TÜV SÜD inspects the “Mecca Metro” – a light rail system serving millions of pilgrims

From Mina to Mecca and back: The “Mecca Metro” connects the holy sites of Islam in Saudi Arabia.
Photo: Getty Images

Locals also use the metro. Starting in 2017, the train will run from Mecca to the airport.
Photo: Getty Images

The metro transports believers from all over the world to Islam’s pilgrimage sites at hourly intervals.
Photo: ddp images

Every year, several million Muslims journey to Saudi Arabia to perform the Hajj, the holy pilgrimage. For the cities of Mecca and Medina, this is a logistical challenge – one that has become significantly easier in recent years thanks to support from TÜV SÜD.

The road to Mecca is long and arduous. It was and still is a journey from the desert, through the desert, and into the desert. The holiest city of Islam lies about 100 kilometers from the Red Sea in western Saudi Arabia, surrounded by two mountain chains that form a valley into which the pilgrims flow. Every year, more than 2.7 million believers officially crowd into the birthplace of the prophet Muhammad. They travel from all over the world to the place that every devout Muslim must visit at least once in their lifetime. When Mecca overflows, then it is Hajj in the Arab world, the great pilgrimage season.

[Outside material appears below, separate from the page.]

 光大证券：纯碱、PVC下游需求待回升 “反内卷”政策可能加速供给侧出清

A strenuous time for believers. A several-day ritual begins in Miqat, leading to the Kaaba in the center of Mecca and onward to Mina, across the Plains of Arafat and back. A pilgrimage that includes the symbolic stoning of the Devil and circling the Kaaba. The trip to Mecca is always a complicated ritual: Certain prayers must be said at certain locations, and the pace of the pilgrims’ gait adapted at specific places. If anyone makes a mistake, their Hajj is deemed invalid and must be repeated.

The pilgrim season is an annual challenge for the logistics experts in the Saudi Kingdom. The fundamental problem of the pilgrimage is that millions of the faithful from all over the globe converge in a relatively short period of time and visit the different pilgrimage sites on the same days. The new “Mecca Metro” has been offering assistance since 2010. Officially named the Al Mashaaer Al Mugaddassah Metro, the new public transportation replaces more than 50,000 buses per year according to the customer, the Saudi Railways Organization, and reduces the once endless traffic jams between the individual pilgrimage stations.

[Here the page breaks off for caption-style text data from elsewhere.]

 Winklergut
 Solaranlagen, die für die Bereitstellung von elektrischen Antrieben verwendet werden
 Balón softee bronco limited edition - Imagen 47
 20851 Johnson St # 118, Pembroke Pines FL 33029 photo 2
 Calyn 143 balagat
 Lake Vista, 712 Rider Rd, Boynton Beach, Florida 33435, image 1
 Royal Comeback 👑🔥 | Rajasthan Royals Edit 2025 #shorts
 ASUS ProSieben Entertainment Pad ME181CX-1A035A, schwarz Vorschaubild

Over the next 25 years the number of pilgrims will exceed the three million mark.

Nine TÜV SÜD experts inspected the route on location for any safety-relevant aspects. “We delivered an assessment of the entire system, which the Saudi Arabian government used to issue the operating permit,” says the former project manager, Jens Flachsbarth.

Stretching over 18.1 kilometers, the metro connects the city of Mecca with the pilgrimage sites of Mina, the Plains of Arafat and Muzdalifah, transporting a total of 72,000 passengers per hour when fully occupied. The train, which was built by a Chinese company with partners in France, Germany, and other countries, is customized to meet the pilgrims’ needs. This means transporting as many people as possible in the shortest timepossible. Strictly speaking, the metro isn’t really a “subway” since the majority of the route is above ground, on its own specially built viaduct.